Work request —
Without the pictures, repeat all of the data exactly as it appears below.

Provided data —

-=-=-

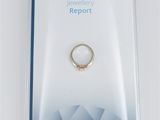 a close up of a ring in a package on a white surface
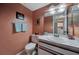 Small bathroom with a toilet and single sink vanity at 1626 Stickney Point Rd # 26-102, Sarasota, FL 34231
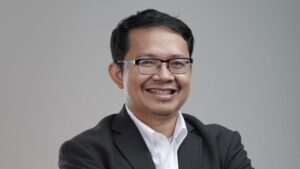 Pakar politik tersenyum mengenakan jas hitam membahas wacana koalisi permanen Bahlil dalam diskusi di studio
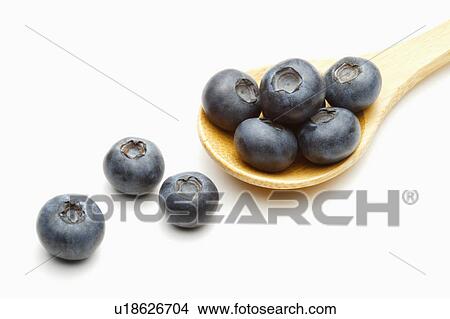 Wooden spoon with blueberries View Large Photo Image Picture - Wooden spoon with blueberries. Fotosearch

-=-=-

Your response —
 a close up of a ring in a package on a white surface
 Small bathroom with a toilet and single sink vanity at 1626 Stickney Point Rd # 26-102, Sarasota, FL 34231
 Pakar politik tersenyum mengenakan jas hitam membahas wacana koalisi permanen Bahlil dalam diskusi di studio
 Wooden spoon with blueberries View Large Photo Image Picture - Wooden spoon with blueberries. Fotosearch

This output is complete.